Coursera Data Science Capstone: Next Word Prediction Web Application

Bryan Scheiderer
March 12, 2017

Introduction

This Shiny web application was developed as part of the capstone course to the Coursera Data Science Specialization in conjunction with SwiftKey.

The assignment was to build an app using natural language processing to predict the next word from a user input of a word or short phrase. A large corpus of of blog, news and twitter data was used to build the model. Using the R programming language and packages, the data set was searched and tokenized, that is, ngram frequency tables were built from the data. Ngrams are sequences of words; in this case only 1, 2, and 3 ngram tables were used. More accurate models will use larger ngrams. The frequency at which ngram appears in the database was calculated and saved.
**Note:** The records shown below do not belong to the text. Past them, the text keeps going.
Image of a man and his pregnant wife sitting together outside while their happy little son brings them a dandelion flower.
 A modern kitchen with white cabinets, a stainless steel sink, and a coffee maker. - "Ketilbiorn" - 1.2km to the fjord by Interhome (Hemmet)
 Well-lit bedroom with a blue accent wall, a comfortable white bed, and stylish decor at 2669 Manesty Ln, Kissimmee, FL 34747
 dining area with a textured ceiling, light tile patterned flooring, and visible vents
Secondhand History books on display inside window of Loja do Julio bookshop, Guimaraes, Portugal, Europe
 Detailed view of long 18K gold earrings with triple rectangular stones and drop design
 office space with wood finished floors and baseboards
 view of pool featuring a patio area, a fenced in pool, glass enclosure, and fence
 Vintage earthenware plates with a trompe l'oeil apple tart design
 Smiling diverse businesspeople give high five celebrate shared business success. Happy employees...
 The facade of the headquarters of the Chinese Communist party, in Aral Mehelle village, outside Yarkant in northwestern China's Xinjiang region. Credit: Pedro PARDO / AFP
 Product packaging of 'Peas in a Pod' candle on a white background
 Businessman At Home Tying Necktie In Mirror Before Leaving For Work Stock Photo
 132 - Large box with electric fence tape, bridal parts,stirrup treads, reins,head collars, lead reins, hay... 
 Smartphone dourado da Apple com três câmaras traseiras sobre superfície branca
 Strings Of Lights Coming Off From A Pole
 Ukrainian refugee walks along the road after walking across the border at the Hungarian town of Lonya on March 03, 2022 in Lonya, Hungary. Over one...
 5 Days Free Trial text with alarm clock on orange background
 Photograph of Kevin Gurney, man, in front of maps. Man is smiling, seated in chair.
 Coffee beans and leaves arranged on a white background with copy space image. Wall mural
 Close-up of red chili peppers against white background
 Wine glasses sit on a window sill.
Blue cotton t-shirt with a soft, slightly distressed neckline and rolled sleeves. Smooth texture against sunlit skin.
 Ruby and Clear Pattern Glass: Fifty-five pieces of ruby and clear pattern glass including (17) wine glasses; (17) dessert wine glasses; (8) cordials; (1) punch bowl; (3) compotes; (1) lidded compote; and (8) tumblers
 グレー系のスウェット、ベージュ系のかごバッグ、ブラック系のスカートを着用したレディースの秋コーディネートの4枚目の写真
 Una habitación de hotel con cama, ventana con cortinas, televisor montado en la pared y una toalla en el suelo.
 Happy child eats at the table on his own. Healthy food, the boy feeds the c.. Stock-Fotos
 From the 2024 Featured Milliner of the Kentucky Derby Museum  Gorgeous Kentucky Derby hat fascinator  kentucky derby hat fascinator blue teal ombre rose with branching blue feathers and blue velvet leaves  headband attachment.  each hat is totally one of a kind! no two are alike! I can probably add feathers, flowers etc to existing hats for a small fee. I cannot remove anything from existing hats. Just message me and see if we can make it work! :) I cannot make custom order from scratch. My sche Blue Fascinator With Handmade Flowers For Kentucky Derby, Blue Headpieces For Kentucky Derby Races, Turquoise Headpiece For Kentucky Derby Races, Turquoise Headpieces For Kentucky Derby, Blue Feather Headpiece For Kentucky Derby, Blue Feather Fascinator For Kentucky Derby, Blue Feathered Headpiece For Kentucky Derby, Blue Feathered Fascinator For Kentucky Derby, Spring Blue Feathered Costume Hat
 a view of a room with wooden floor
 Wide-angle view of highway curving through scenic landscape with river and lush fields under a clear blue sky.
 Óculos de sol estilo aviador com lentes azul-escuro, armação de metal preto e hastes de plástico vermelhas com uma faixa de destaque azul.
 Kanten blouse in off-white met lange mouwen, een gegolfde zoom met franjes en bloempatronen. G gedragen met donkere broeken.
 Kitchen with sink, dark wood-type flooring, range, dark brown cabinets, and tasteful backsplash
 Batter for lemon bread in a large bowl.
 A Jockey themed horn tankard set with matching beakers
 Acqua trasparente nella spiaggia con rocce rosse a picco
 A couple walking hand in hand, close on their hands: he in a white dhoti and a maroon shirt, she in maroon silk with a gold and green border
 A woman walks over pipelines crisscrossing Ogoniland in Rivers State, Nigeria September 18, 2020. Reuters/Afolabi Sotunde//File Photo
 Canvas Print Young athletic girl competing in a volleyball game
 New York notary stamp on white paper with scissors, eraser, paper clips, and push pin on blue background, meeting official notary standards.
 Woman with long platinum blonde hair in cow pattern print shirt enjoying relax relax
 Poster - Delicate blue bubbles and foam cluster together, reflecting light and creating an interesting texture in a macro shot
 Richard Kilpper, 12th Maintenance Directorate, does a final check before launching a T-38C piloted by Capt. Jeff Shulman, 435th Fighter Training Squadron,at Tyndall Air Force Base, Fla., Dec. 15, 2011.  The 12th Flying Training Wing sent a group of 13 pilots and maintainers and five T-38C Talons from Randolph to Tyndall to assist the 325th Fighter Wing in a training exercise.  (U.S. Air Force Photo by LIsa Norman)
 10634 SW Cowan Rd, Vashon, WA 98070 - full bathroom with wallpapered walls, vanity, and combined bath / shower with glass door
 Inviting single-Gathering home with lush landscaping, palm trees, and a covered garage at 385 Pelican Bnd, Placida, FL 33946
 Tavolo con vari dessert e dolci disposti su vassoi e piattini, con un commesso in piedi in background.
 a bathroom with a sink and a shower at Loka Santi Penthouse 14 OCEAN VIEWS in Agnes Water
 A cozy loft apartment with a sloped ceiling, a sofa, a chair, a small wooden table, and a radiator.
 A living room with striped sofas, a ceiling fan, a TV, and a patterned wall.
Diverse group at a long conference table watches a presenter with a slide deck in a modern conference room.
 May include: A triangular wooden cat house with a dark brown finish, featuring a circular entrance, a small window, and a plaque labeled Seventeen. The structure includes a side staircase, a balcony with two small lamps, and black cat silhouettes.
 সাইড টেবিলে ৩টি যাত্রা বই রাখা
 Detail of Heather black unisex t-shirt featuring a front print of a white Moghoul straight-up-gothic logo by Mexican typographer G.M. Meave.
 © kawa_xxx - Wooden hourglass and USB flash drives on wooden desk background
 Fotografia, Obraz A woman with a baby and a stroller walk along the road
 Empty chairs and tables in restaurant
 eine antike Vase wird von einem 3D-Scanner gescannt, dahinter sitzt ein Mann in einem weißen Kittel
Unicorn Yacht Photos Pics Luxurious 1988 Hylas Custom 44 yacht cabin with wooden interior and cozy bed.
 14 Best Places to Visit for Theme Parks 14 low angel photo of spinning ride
These saved data files are then searched by the model to predict the next word that follows the given user input text.

The Shiny Web App

The Next Word Prediction App is located at: https://bdscheiderer.shinyapps.io/WordPrediction/ Screenshot of the Next Word Prediction App

Prediction Algorithm Key Components

  • The user inputs a word string; only English words are supported at this time; only the last two words are used
  • The app will “clean” the user input of punctuation, numbers, profane words, stopwords and extra whitespace; the cleaned text is returned to the user interface for comparison
  • The prediction model then uses the clean word or words and searches stored 2- and 3-gram frequency tables for matches
  • The model is a simplified “backoff” prediction algorithm; the model first search the trigrams table for a match, if no match is found the model searches the bigrams table for a match; if there is no match in the trigrams or bigrams frequency tables, then the model randomly chooses three of the top 20 words in the unigram frequency table; while not statistically accurate, it is more interesting than simply offering the same top 3 words every time there are no other matches!

Future Improvements

Possible improvements for future versions:

  • Develop prediction model using stemming
  • Develop prediction model with stop words included
  • Use 4- and 5-word ngrams for better accuracy
  • Improve error detection from user input
  • Use different and larger word corpus for training purposes
  • Create larger ngram frequency tables for better accuracy
  • Improve user interface